What you will do ->
Using the listing below, print the line containing "Law of Attraction: The", the line containing "Maggie, the Dog", and each line between them, exactly and nothing else. Pictures stay out of the print.

Material to process ->
-- -- --
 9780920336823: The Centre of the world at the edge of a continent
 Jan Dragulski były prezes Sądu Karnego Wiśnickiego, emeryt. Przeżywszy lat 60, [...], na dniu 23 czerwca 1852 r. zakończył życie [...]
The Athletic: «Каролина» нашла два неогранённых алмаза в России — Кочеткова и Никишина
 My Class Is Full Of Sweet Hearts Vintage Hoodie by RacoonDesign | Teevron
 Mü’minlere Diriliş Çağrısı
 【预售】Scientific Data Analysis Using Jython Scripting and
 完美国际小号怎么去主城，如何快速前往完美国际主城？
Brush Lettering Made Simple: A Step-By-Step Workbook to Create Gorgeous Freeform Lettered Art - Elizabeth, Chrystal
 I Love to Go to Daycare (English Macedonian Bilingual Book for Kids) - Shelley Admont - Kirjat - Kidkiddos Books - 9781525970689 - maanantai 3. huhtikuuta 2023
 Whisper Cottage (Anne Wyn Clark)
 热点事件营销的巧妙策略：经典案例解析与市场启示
-- -- --
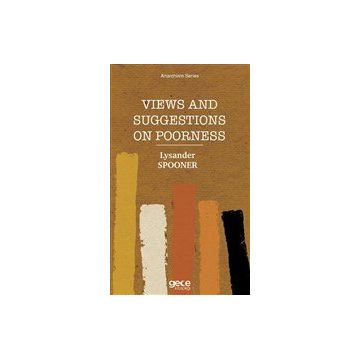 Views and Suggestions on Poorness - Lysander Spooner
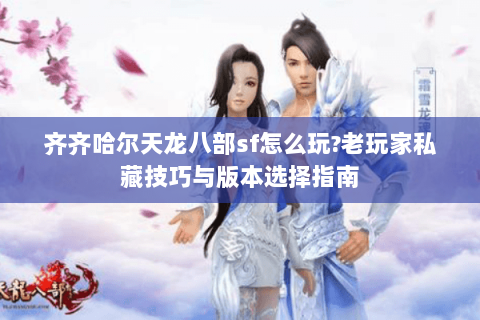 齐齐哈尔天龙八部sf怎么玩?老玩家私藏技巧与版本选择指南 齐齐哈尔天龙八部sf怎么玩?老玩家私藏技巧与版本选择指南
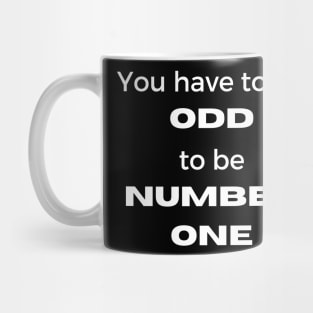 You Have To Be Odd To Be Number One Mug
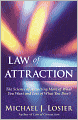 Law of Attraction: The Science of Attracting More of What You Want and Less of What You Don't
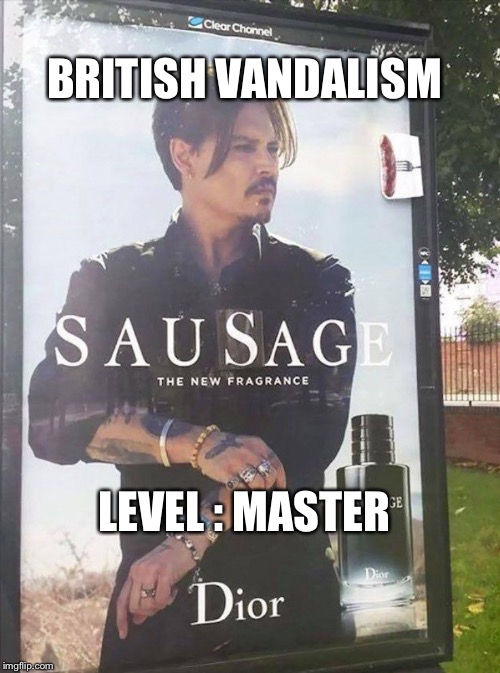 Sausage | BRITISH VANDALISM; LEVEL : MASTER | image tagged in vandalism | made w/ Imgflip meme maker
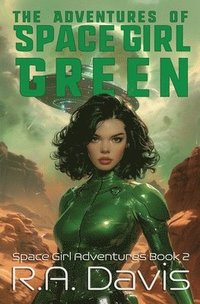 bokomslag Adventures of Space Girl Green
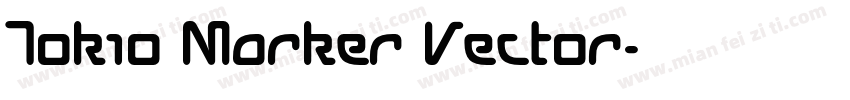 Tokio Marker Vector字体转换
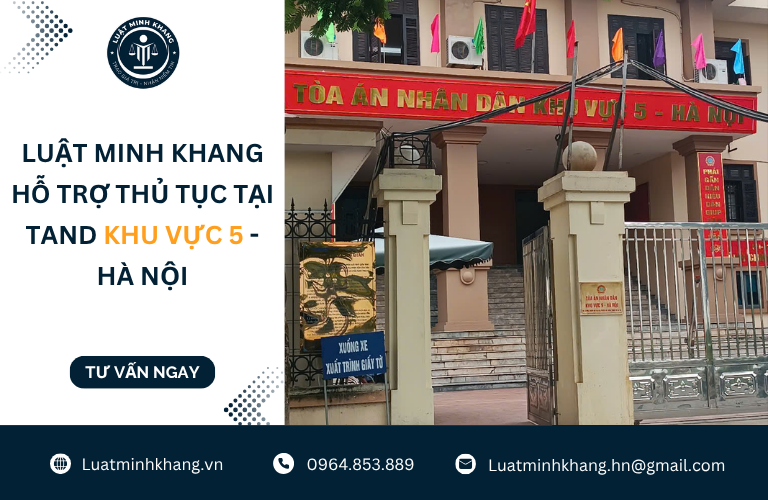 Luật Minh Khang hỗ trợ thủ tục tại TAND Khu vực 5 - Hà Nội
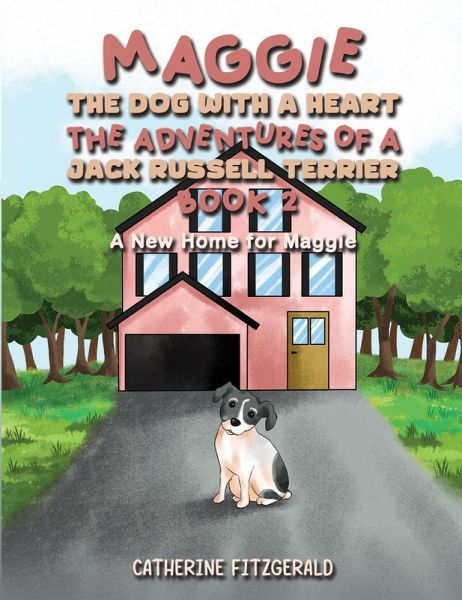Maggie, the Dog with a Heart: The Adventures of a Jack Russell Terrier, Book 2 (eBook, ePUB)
-- -- --
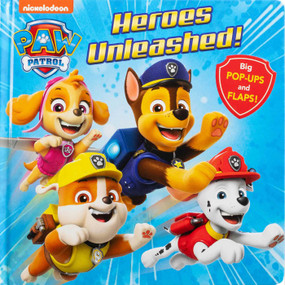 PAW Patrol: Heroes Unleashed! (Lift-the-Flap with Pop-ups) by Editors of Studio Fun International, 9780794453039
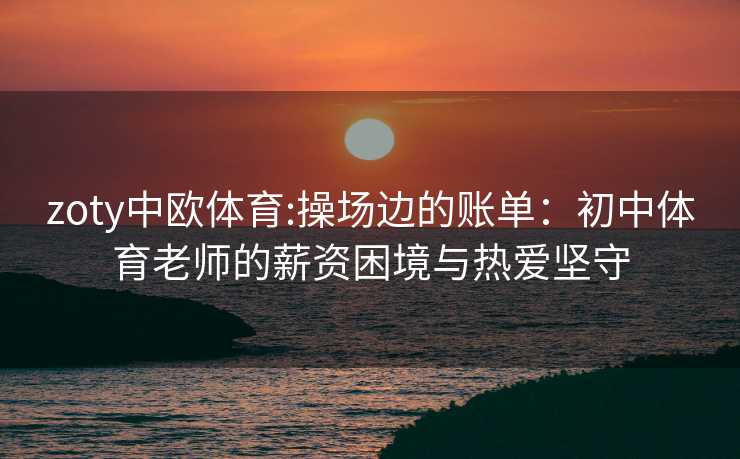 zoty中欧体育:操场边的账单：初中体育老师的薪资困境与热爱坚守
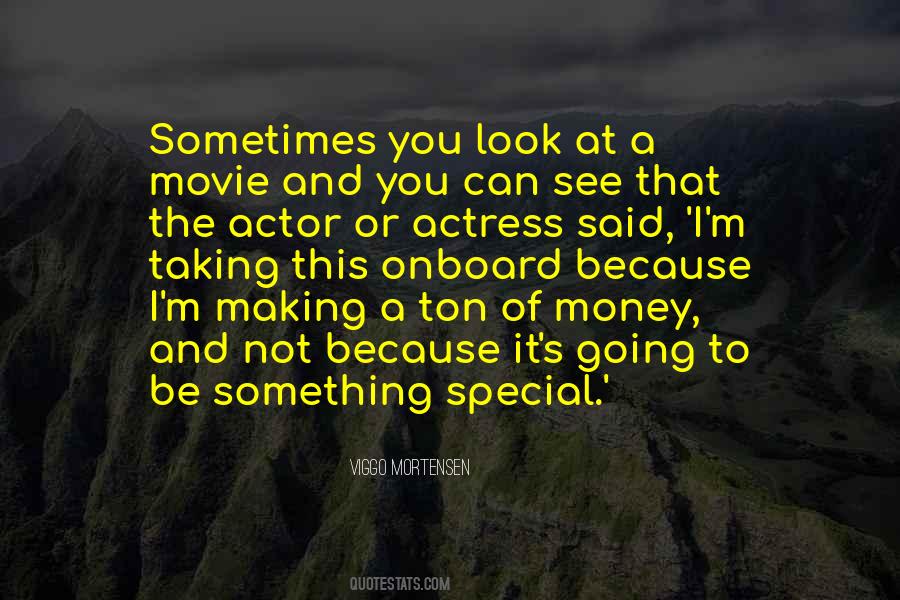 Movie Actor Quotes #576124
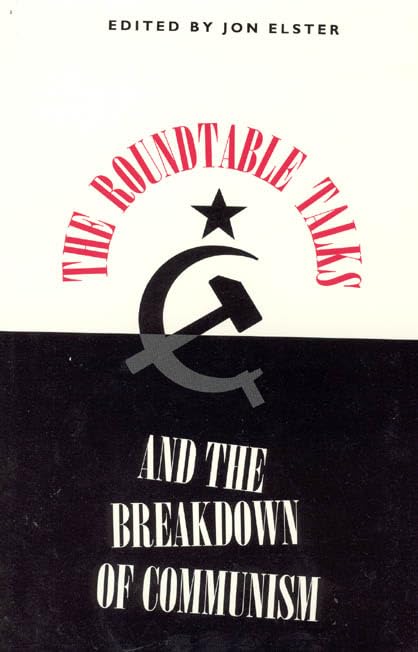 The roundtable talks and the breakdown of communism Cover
-- -- --
The answer ->
 Law of Attraction: The Science of Attracting More of What You Want and Less of What You Don't
 Sausage | BRITISH VANDALISM; LEVEL : MASTER | image tagged in vandalism | made w/ Imgflip meme maker
 bokomslag Adventures of Space Girl Green
 Tokio Marker Vector字体转换
 Luật Minh Khang hỗ trợ thủ tục tại TAND Khu vực 5 - Hà Nội
Maggie, the Dog with a Heart: The Adventures of a Jack Russell Terrier, Book 2 (eBook, ePUB)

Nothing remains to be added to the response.